Battenfield borrows spinnerbait from wife’s rod to lead Bend bass list
Derek Battenfield doesn’t throw a spinnerbait anymore. He’s gone completely to a Z-Man Jack Hammer when he’s looking for flash and vibration.
“I rarely ever throw a spinnerbait anymore – for whatever reason,” he admitted.
Except for Sunday, March 10. Fishing by himself, he pulled up on a mid-lake point at Toledo Bend with a shallow grass line and decided maybe a spinnerbait might be the right bait to roll down the edge.
But he didn’t have one tied on, so he opened his rod box and found a rod belonging to his wife, Diane, with a chatreuse/white Booyah tied on. A handful of casts later, he was lifting a 12.92-pound bass into his boat.
Battenfield was the seventh angler that weekend to boat a bass that weighed in double digits and qualified for the Toledo Bend Lunker Bass Program. Two of the seven, including Battenfield’s fish, had previously been certified, tagged and released as part of the TBLP.
Lunker list
On Saturday, March 9, Johnie Fountain of Hemphill, Texas, landed a 10.21-pound fish; Kim LaBry of Kaplan, La., caught a 10.17-pound fish, Colby Basco of Cheneyville, La., caught an 11.84-pound lunker (that had been caught and tagged on Feb. 11 at 11.81 pounds); Lee Glass of DeRidder, La., boated a 10.90-pound fish; Elvis Paul of Lafayette, La., landed an 11.29-pound fish, and Ronnie Madole of Shreveport caught a lunker that weighed 10 pounds even. Battenfield’s fish was the 37th of the 2023-24 season to qualify for the lunker program. The 38th was Trent Pharis of Dequincy, who hooked a 10.37-pound bass on March 13.
Battenfield, from Nederland, Texas, said his lunker bass came from 1½ to 2 feet of water, on a day he admitted was “pretty tough.” He pulled up to his spot shortly after 3 p.m., found his wife’s spinnerbait rod – a Lew’s rod and reel spooled with 30-pound Sufix braid, with a white V&M J Bug trailer – and made between 5 and 10 casts. On the 10th cast, he almost had the bait back to the boat when the huge bass crashed it.
“I was actually on the phone with my cousin, Barry Brice, when the fish hit – I had him on speaker phone on the front seat,” Battenfield said. “He heard me hollering and screaming and everything. He heard me yell, ‘I’ve got a 10.’

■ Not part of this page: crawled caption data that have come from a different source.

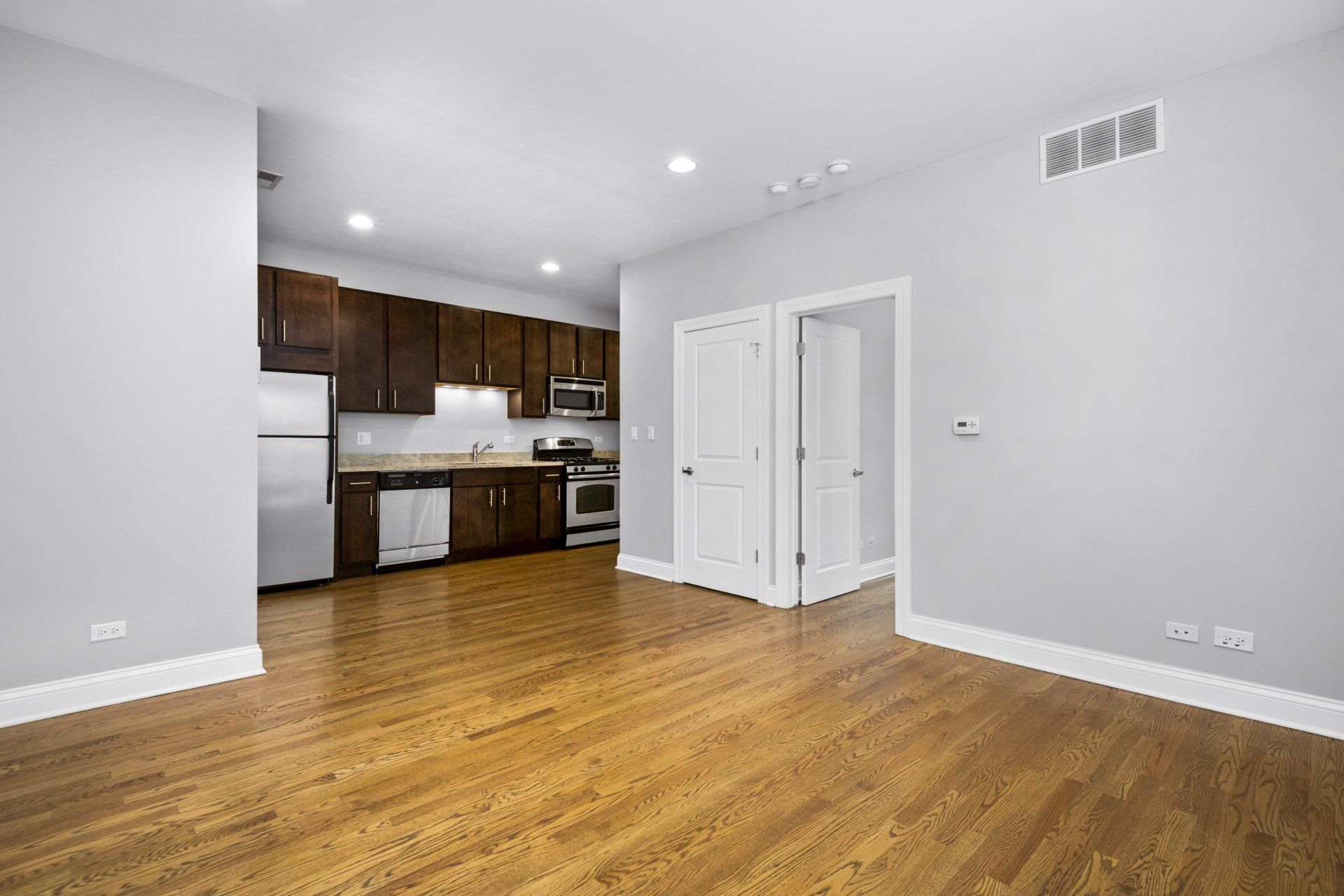 An empty open floor plan apartment with hardwood floors and a kitchen.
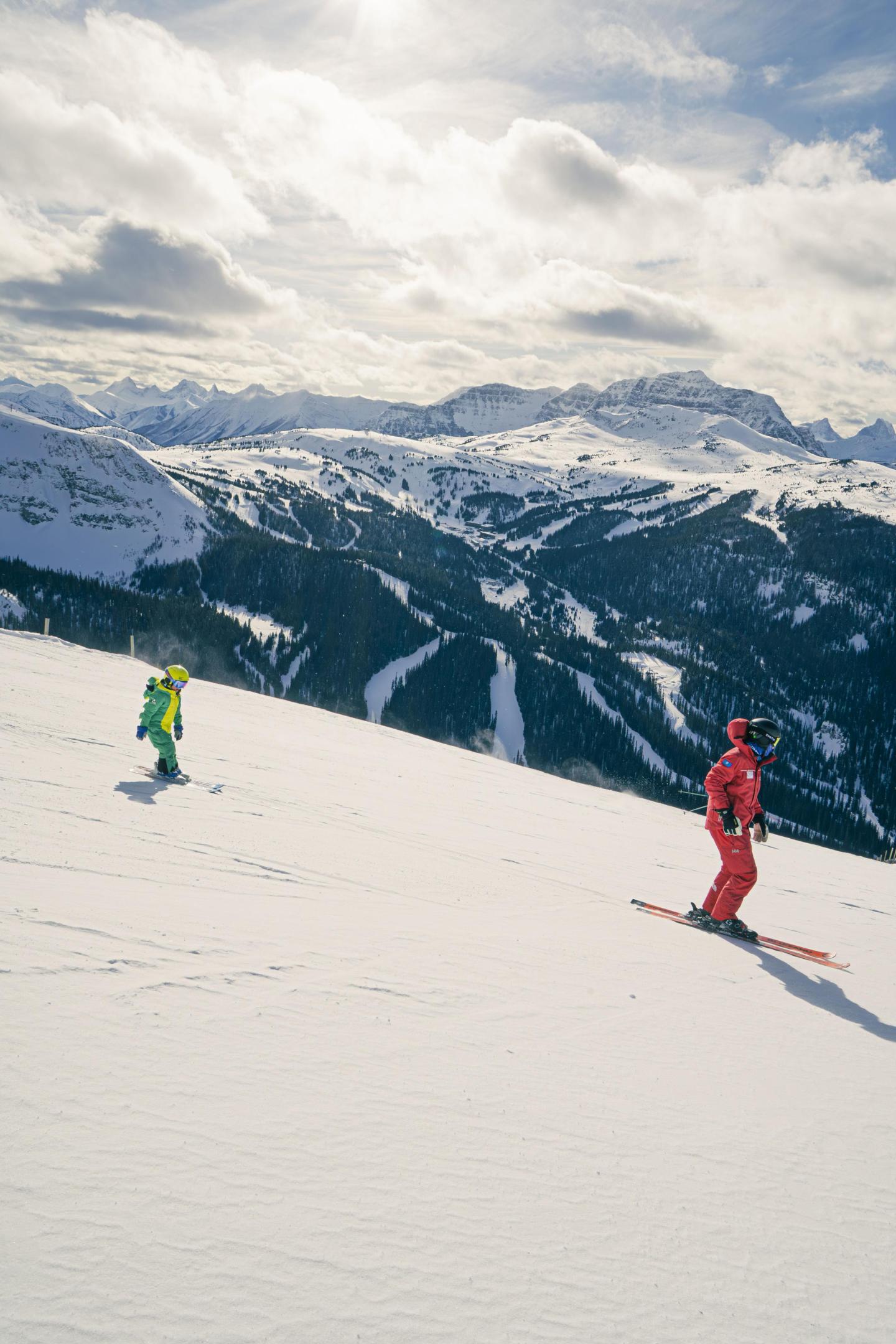Two snowboarders on a snowy mountain slope under a cloudy sky.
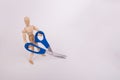 Wooden jointed manikin holding craft scissors on a solid background Royalty Free Stock Photo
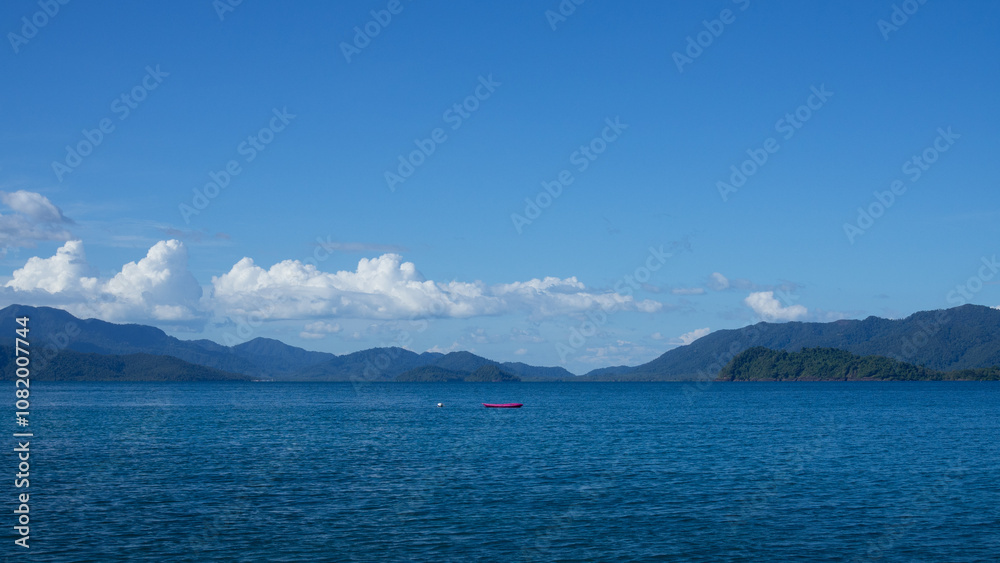 The beautiful ocean sparkled under the sunlight. The beautiful ocean sparkled under the sunlight.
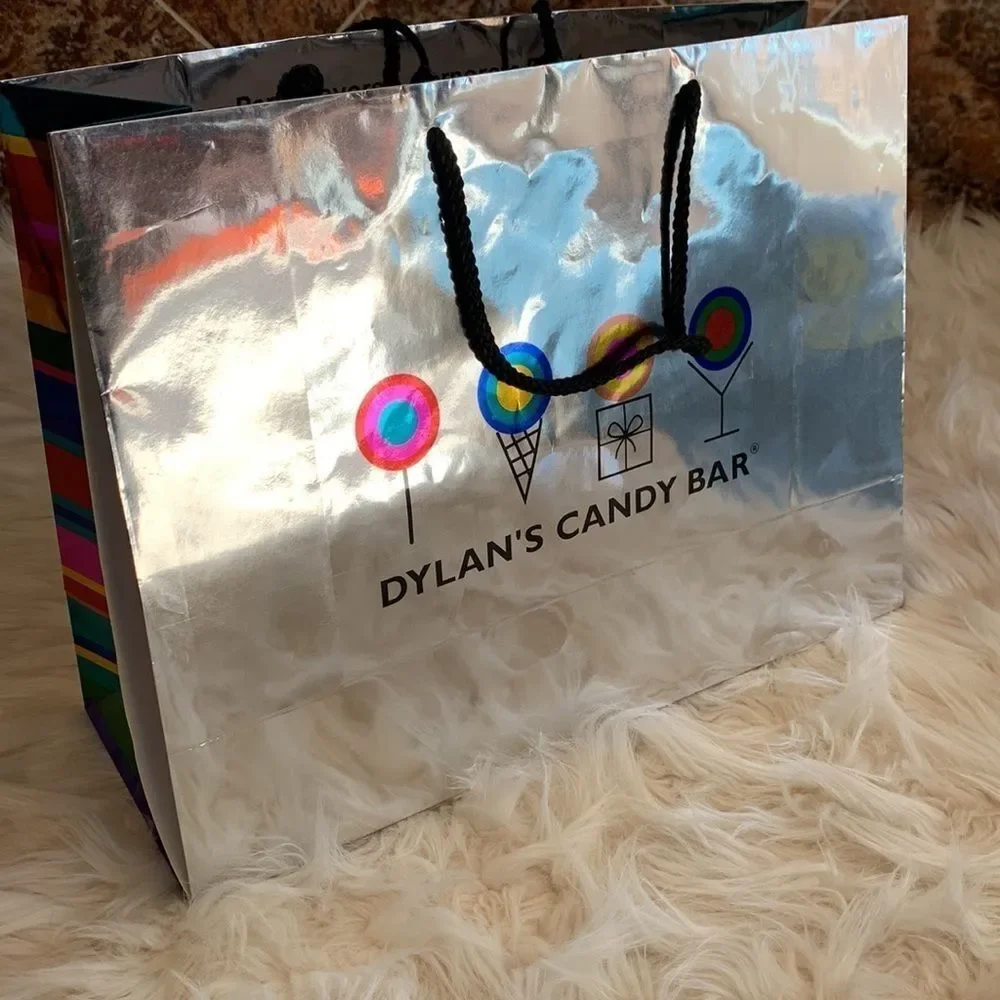Dylan’s Candy Bar Paper Shopping Bags. One Black and One Silver Metallic.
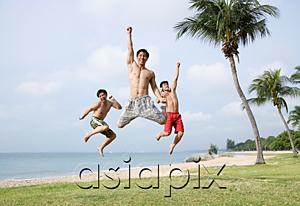 AsiaPix - Three men jumping in air, looking at camera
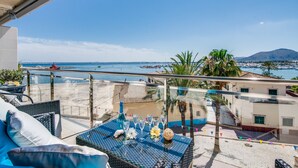 A balcony with a view of the sea, a table set with glasses and flowers, and a palm tree. - Apartment Alcudia Portobello with seaview (Puerto de Alcudia)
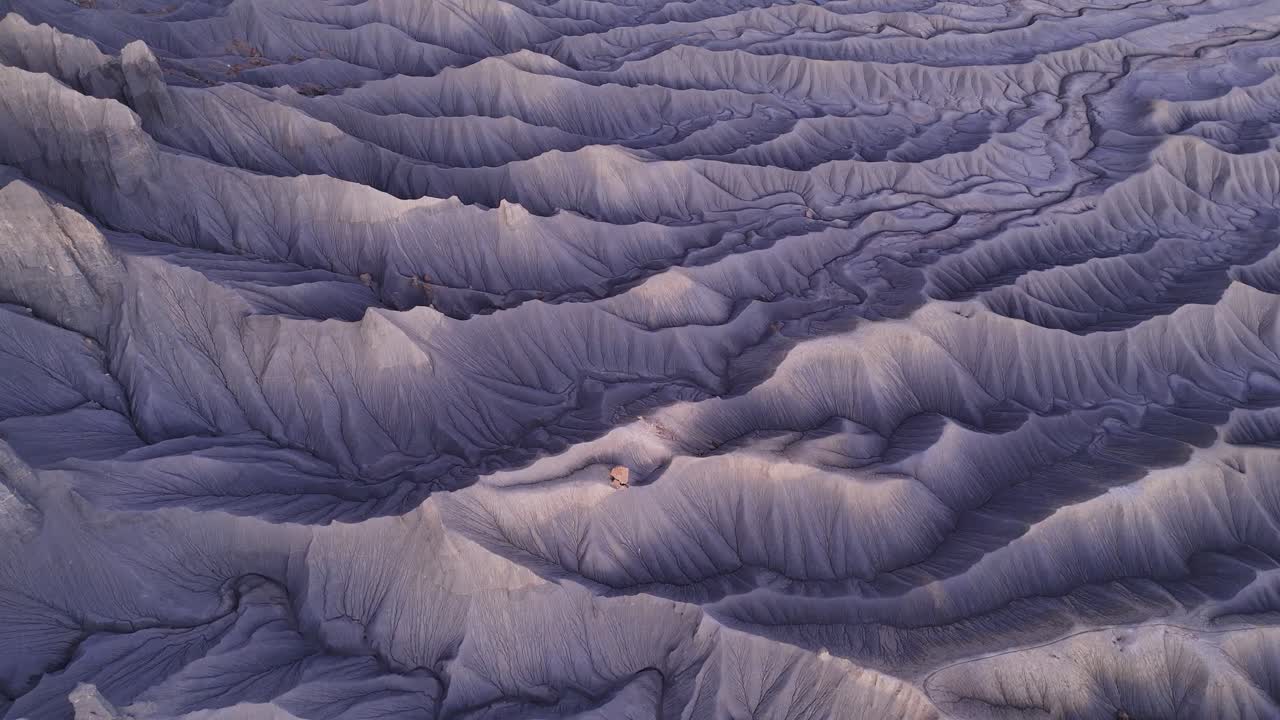 Textured purple Utah desert terrain at dusk, aerial view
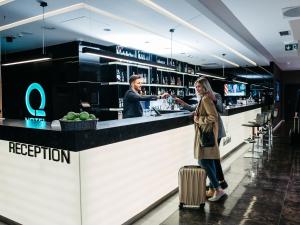 a woman with a suitcase standing in front of a bar at Q Hotel Plus Kraków in Kraków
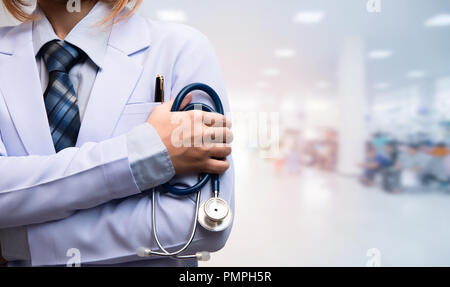 woman doctor crossed arm and holding stethoscope on blurred out patient department, medical concept Stock Photo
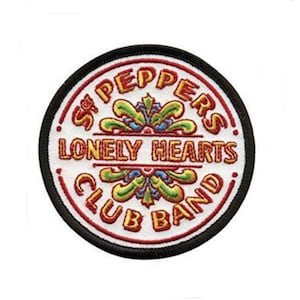 Può includere: Un cerotto rotondo bianco con bordo nero. Il cerotto presenta il testo "Sgt. Pepper's Lonely Hearts Club Band" in lettere rosse e gialle, circondato da un design floreale stilizzato in verde, giallo, blu e rosso.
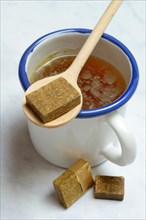 Cup with bouillon broth and bouillon cubes on a wooden spoon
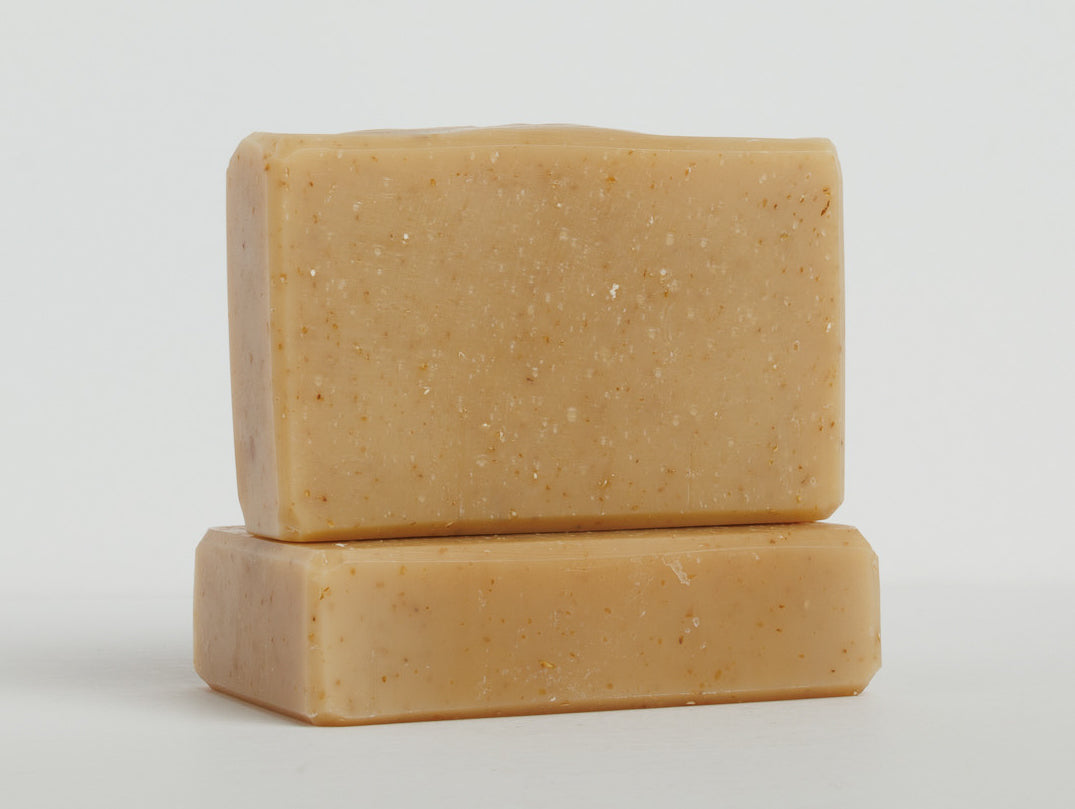 Two beige bars of soap are stacked on a clean white surface with one bar lying flat and the other placed upright on top. The soaps have a smooth texture and rectangular shape with slightly rounded edges.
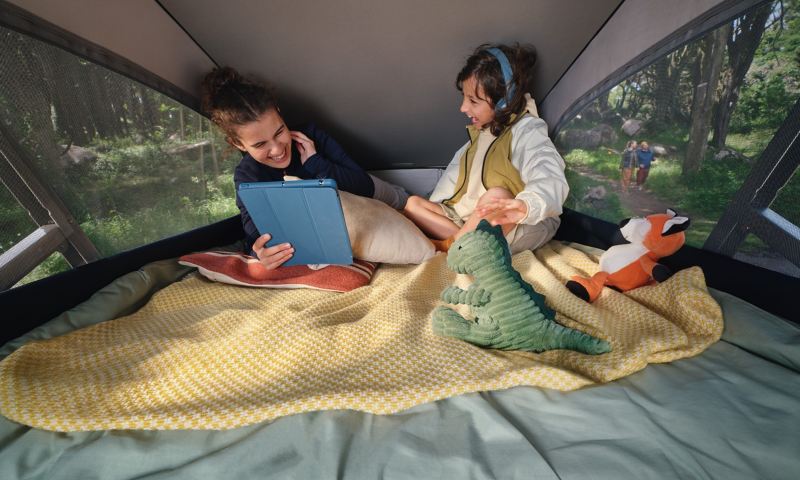 Zwei Kinder sitzen im Hochstelldach vom VW California.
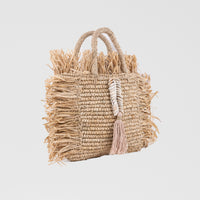 Natural square raffia bag with fringe and shell decorations. Handheld and fully lined with inside pocket. 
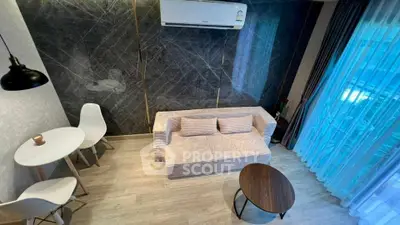 Modern living room with stylish furniture and large window view.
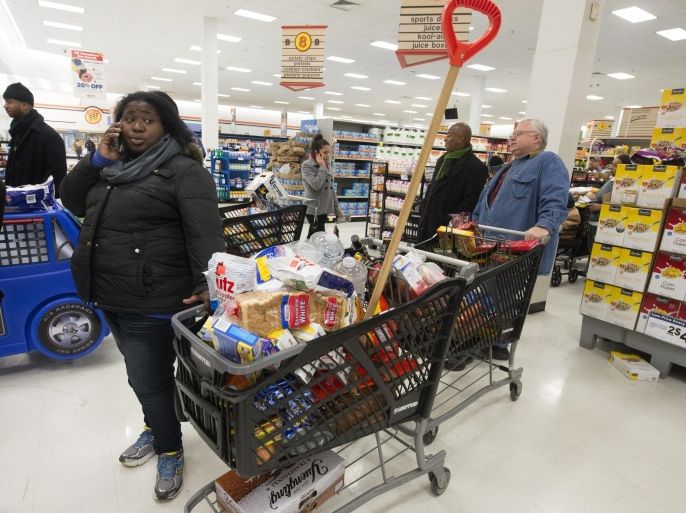 A shopper at a grocery store waits in a long line with items such as a food and a snow shovel, seen at center, as people stocked up on items ahead of an approaching snowstorm, in Alexandria, Virginia, USA, 12 February 2014. Weather forecasts predict between five to ten inches of snow (around 12 to 25 cm) overnight in the Washington DC area, as a major snowstorm moves up the mid-Atlantic to the Northeast region of the US.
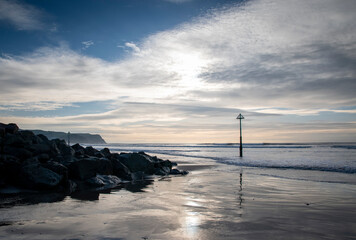 the groyne markers of Borth beach © JoeE Jackson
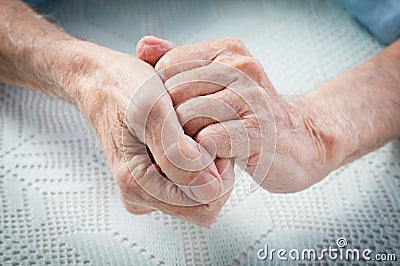 Care is at home of elderly. Old people holding hands. Stock Photo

“The fish literally hit 3 feet from the boat; I saw her swirl and hit it, and I knew it was huge. She really never got more than 3 or 4 feet from the boat. She went under the boat, and she’d come out and jump, and I didn’t have a net, so I was down trying to grab her. I got her on the second try.”
Tagged fish
Battenfield had a Bubba scale in the boat, and the bass went on it, registering 12.15 pounds.
“My cousin said, ‘I’ll meet you,’ and he ran and met me at Buckeye (Landing),” Battenfield said.
At Buckeye, the bass weighed 12.92 pounds on certified scales – the biggest fish of Battenfield’s life – and measured 28 inches long and 20 ½ inches in girth. And a previous tag was discovered.
“I didn’t see it,” Battenfield said. “As soon as I caught her, I weighed her, put her in the livewell and took off. When we got there, one of the weigh-in guys said he had (a tag).”
Battenfield’s bass had been caught on April 11, 2023, weighing 13.60, before being tagged and released.
The difference in weight? Battenfield can’t say for sure that the big girl had already spawned, but he described a bloody tail and a belly that he said, “wasn’t huge.”
A bonus
Battenfield was entered in the Big Bass Splash, so his fish carried a $1,500 bonus. Whether he’ll get to keep it all, who knows? His wife, he said, “told me half the Bass Splash money was hers” – maybe a rental fee for the rod and spinnerbait.